• [How to complete this task]: Write out again, please, the records below from the first line to the line holding "ST. JOHN'S BAY", inclusive, and nothing else.

Scraped caption text data:
════════════════
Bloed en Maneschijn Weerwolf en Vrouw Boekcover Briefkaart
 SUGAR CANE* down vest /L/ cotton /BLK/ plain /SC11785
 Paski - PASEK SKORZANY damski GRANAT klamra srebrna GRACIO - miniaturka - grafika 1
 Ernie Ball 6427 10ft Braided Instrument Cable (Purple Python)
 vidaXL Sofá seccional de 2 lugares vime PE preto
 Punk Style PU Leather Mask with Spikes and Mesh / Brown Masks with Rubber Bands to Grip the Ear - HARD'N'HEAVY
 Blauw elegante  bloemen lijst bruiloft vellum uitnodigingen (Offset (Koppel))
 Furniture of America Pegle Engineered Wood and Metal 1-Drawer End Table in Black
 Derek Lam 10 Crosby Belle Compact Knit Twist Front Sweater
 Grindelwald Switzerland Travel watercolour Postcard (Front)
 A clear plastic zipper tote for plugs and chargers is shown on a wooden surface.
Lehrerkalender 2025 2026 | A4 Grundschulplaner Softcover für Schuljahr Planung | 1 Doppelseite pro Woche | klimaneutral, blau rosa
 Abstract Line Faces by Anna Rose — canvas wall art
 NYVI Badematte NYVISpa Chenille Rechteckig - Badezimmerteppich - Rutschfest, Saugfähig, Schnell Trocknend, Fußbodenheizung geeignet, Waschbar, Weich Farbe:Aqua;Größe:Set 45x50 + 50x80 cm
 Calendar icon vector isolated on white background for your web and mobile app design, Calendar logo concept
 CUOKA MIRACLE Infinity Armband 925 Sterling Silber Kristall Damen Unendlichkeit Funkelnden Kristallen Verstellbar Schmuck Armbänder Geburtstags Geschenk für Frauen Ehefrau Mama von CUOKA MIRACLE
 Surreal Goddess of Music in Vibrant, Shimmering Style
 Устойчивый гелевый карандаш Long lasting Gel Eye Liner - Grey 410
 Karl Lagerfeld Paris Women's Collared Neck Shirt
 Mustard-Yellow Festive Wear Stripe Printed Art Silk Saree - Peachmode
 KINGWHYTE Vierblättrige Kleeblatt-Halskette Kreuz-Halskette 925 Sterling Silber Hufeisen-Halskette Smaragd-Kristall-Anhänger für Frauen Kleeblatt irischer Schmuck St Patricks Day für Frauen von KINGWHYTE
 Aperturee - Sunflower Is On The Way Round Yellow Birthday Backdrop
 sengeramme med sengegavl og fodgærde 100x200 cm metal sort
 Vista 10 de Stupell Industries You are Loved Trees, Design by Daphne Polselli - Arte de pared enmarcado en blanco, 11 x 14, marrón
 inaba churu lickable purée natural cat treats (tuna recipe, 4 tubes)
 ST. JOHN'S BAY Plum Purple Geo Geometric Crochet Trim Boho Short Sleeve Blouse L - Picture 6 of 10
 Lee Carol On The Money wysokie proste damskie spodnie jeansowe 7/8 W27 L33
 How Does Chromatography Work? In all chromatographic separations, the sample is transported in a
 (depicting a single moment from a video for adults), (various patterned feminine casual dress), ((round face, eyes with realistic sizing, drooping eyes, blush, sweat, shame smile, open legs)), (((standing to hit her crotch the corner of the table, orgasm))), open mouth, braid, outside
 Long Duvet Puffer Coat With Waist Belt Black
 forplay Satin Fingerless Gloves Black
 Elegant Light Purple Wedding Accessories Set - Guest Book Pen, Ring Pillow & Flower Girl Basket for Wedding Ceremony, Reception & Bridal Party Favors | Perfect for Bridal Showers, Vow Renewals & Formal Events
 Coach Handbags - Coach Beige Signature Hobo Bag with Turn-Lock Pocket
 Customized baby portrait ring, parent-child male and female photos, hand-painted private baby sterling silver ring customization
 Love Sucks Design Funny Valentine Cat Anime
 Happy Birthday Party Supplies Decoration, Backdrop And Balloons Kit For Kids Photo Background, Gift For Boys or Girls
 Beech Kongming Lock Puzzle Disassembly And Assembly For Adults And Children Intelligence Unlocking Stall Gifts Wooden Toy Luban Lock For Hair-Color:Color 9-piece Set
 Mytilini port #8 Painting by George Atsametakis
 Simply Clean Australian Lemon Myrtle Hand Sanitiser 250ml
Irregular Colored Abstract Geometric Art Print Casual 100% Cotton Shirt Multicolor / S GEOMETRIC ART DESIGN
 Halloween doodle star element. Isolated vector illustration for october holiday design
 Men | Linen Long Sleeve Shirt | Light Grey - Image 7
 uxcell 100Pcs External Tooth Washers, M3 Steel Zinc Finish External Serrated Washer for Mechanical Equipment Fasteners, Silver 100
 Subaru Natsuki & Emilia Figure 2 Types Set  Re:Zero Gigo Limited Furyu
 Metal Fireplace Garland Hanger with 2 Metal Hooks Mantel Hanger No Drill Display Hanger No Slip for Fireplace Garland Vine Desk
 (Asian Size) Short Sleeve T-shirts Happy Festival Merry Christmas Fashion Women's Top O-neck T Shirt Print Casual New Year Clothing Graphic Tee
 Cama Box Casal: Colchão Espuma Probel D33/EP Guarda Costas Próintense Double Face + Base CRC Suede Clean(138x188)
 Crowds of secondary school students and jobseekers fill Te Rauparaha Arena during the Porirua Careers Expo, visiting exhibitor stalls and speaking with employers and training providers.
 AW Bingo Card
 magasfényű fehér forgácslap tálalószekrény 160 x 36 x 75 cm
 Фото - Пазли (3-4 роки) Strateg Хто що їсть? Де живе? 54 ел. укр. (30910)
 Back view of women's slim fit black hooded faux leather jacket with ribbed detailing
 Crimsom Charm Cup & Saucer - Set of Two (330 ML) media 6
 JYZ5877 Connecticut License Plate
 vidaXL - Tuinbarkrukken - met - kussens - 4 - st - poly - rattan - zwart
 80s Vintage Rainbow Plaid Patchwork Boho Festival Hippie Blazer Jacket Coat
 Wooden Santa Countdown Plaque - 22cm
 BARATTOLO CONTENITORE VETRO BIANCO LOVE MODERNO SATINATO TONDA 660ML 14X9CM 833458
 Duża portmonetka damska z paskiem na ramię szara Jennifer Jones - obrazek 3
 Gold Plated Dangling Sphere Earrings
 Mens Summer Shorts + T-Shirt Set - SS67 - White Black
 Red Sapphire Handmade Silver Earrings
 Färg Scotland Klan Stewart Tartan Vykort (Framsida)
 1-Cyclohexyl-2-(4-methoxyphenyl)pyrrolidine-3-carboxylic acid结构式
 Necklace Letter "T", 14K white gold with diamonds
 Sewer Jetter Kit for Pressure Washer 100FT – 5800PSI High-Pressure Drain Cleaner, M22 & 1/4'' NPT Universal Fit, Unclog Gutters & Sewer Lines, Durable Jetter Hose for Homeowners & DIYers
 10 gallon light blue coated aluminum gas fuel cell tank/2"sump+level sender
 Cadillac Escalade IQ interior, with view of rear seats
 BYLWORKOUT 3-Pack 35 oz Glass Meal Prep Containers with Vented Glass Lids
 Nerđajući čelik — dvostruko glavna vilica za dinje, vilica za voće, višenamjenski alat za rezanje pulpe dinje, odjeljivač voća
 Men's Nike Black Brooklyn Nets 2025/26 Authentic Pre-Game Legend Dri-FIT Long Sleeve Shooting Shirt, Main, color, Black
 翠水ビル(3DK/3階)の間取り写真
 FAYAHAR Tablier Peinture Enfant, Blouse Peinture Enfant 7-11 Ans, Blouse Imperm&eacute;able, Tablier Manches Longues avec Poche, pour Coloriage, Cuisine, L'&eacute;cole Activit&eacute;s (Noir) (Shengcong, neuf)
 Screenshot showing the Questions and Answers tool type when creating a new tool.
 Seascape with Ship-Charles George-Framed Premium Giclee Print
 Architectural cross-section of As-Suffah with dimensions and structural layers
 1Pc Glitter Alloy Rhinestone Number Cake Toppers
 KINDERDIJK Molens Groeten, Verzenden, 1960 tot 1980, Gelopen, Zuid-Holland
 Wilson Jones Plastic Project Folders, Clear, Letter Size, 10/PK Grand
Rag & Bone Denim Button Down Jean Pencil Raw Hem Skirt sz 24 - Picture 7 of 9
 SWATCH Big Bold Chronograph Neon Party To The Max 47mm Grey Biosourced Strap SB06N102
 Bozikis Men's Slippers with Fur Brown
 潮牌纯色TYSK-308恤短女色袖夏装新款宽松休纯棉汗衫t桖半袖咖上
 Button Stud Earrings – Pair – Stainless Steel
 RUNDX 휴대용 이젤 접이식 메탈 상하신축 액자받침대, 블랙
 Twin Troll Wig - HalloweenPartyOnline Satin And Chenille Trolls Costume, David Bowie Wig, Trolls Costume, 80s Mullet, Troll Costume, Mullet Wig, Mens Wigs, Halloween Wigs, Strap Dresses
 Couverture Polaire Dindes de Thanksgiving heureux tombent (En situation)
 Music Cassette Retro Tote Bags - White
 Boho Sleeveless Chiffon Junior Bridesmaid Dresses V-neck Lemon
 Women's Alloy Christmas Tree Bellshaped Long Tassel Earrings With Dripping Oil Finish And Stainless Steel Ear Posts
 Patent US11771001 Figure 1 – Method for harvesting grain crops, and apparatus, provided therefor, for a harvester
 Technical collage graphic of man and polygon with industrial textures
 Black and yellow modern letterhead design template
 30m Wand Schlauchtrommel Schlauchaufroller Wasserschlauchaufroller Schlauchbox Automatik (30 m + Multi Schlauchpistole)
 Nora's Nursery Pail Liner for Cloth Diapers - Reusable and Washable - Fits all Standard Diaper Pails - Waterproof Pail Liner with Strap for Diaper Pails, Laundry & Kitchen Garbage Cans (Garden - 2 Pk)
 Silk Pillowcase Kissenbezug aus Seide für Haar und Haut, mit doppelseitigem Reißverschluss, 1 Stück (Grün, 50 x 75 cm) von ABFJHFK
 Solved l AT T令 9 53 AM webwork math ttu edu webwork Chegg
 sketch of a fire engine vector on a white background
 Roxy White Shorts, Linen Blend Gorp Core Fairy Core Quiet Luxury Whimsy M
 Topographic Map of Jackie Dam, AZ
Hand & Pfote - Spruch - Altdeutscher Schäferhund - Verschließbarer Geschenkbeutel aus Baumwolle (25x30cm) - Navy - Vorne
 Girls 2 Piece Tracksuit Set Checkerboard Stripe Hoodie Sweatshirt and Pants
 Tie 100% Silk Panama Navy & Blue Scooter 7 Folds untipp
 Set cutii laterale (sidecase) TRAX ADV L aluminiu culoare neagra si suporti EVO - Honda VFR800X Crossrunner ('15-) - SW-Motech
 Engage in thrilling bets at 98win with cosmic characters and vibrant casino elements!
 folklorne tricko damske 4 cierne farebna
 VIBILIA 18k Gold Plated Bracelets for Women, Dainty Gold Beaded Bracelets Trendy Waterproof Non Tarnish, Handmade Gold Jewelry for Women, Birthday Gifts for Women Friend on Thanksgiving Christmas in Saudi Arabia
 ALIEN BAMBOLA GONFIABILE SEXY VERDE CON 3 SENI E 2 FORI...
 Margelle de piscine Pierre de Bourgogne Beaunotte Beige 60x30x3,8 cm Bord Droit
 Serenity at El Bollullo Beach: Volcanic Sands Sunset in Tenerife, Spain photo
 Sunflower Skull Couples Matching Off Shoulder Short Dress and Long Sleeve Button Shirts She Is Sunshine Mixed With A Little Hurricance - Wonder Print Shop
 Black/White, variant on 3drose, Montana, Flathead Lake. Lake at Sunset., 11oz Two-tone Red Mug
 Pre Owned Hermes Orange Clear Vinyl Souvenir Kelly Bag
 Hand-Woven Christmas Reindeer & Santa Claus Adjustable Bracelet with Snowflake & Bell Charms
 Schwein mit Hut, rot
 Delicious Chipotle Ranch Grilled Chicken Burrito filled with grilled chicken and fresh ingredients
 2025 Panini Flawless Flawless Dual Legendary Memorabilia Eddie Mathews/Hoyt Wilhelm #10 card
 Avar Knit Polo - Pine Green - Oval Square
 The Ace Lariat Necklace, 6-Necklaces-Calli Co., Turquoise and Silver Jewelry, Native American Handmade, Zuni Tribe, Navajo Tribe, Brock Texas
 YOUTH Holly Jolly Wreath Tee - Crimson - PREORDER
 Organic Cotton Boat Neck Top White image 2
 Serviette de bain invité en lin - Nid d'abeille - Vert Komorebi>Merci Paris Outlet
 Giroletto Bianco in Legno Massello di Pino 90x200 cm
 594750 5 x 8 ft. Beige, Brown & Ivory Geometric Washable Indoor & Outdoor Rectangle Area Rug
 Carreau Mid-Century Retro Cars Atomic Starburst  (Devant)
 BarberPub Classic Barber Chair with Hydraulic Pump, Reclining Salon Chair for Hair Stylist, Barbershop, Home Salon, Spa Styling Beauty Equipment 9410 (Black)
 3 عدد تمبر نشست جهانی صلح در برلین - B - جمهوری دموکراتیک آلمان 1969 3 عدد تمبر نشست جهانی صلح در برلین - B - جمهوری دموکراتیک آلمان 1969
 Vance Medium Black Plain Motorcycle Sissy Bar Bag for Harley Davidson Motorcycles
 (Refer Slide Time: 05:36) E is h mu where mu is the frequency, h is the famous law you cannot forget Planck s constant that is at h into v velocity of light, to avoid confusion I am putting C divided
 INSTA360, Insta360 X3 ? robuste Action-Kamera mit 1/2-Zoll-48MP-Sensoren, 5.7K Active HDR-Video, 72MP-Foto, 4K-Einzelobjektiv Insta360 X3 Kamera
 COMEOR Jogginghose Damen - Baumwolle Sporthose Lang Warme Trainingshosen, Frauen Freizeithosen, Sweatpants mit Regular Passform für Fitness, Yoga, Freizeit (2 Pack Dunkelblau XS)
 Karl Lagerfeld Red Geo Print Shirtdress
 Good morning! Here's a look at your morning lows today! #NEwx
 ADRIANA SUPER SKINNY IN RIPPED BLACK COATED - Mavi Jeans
════════════════
• [Solution]:
Bloed en Maneschijn Weerwolf en Vrouw Boekcover Briefkaart
 SUGAR CANE* down vest /L/ cotton /BLK/ plain /SC11785
 Paski - PASEK SKORZANY damski GRANAT klamra srebrna GRACIO - miniaturka - grafika 1
 Ernie Ball 6427 10ft Braided Instrument Cable (Purple Python)
 vidaXL Sofá seccional de 2 lugares vime PE preto
 Punk Style PU Leather Mask with Spikes and Mesh / Brown Masks with Rubber Bands to Grip the Ear - HARD'N'HEAVY
 Blauw elegante  bloemen lijst bruiloft vellum uitnodigingen (Offset (Koppel))
 Furniture of America Pegle Engineered Wood and Metal 1-Drawer End Table in Black
 Derek Lam 10 Crosby Belle Compact Knit Twist Front Sweater
 Grindelwald Switzerland Travel watercolour Postcard (Front)
 A clear plastic zipper tote for plugs and chargers is shown on a wooden surface.
Lehrerkalender 2025 2026 | A4 Grundschulplaner Softcover für Schuljahr Planung | 1 Doppelseite pro Woche | klimaneutral, blau rosa
 Abstract Line Faces by Anna Rose — canvas wall art
 NYVI Badematte NYVISpa Chenille Rechteckig - Badezimmerteppich - Rutschfest, Saugfähig, Schnell Trocknend, Fußbodenheizung geeignet, Waschbar, Weich Farbe:Aqua;Größe:Set 45x50 + 50x80 cm
 Calendar icon vector isolated on white background for your web and mobile app design, Calendar logo concept
 CUOKA MIRACLE Infinity Armband 925 Sterling Silber Kristall Damen Unendlichkeit Funkelnden Kristallen Verstellbar Schmuck Armbänder Geburtstags Geschenk für Frauen Ehefrau Mama von CUOKA MIRACLE
 Surreal Goddess of Music in Vibrant, Shimmering Style
 Устойчивый гелевый карандаш Long lasting Gel Eye Liner - Grey 410
 Karl Lagerfeld Paris Women's Collared Neck Shirt
 Mustard-Yellow Festive Wear Stripe Printed Art Silk Saree - Peachmode
 KINGWHYTE Vierblättrige Kleeblatt-Halskette Kreuz-Halskette 925 Sterling Silber Hufeisen-Halskette Smaragd-Kristall-Anhänger für Frauen Kleeblatt irischer Schmuck St Patricks Day für Frauen von KINGWHYTE
 Aperturee - Sunflower Is On The Way Round Yellow Birthday Backdrop
 sengeramme med sengegavl og fodgærde 100x200 cm metal sort
 Vista 10 de Stupell Industries You are Loved Trees, Design by Daphne Polselli - Arte de pared enmarcado en blanco, 11 x 14, marrón
 inaba churu lickable purée natural cat treats (tuna recipe, 4 tubes)
 ST. JOHN'S BAY Plum Purple Geo Geometric Crochet Trim Boho Short Sleeve Blouse L - Picture 6 of 10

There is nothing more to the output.